89-year-old Hollywood filmmaking icon Clint Eastwood shows no signs of slowing down with his latest docu-drama taking a look at a man thrust into the middle of a media storm.
Clint Eastwood is quite possibly the most economical filmmaker working in Hollywood today. For decades, he has been a filmmaker who crafts stories through a style that is direct and to the point, seemingly not bothered with trying anything too flashy just in case it should threaten the legitimacy of the story he is telling. That has certainly been the case for the films that have characterised the last decade if his directorial career, ones ranging from character dramas to docu-dramas of real-life heroes and tragedies. His latest very much fits this late-career interest, looking at a figure behind a recent event and examining just how history wants to remember him.
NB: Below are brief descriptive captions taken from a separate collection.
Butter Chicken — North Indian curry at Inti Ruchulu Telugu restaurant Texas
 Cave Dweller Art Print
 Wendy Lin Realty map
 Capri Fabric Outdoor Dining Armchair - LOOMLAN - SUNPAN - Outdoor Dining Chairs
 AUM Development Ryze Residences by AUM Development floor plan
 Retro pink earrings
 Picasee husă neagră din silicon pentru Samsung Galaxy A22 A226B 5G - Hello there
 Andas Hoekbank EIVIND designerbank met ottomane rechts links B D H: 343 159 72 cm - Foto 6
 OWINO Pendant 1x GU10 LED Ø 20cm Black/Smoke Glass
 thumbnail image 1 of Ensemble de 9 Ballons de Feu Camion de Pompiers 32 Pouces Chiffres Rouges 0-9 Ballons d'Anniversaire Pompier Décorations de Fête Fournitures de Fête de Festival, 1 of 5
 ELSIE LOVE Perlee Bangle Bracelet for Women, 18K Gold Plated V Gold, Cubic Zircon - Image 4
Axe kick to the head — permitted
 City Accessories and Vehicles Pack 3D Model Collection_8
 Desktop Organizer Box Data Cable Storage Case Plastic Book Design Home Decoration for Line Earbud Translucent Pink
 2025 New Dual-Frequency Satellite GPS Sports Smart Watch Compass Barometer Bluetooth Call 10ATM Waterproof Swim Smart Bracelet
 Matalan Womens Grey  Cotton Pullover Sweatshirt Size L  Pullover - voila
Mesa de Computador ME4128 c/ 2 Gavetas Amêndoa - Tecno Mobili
Depicting the events of the Centennial Olympic Park bombing that took place during the 1996 Summer Olympics in Atlanta, Georgia, Eastwood’s latest focuses on Richard Jewell (portrayed by Paul Walter Hauser), the security guard who discovered the bomb and managed to help clear away spectators to limit the number of casualties. While initially hailed as a hero, Jewell quickly became a figure of public scrutiny as the media descends upon his home after an article leaks the fact that the FBI are looking into Jewell as a suspect behind the bombing.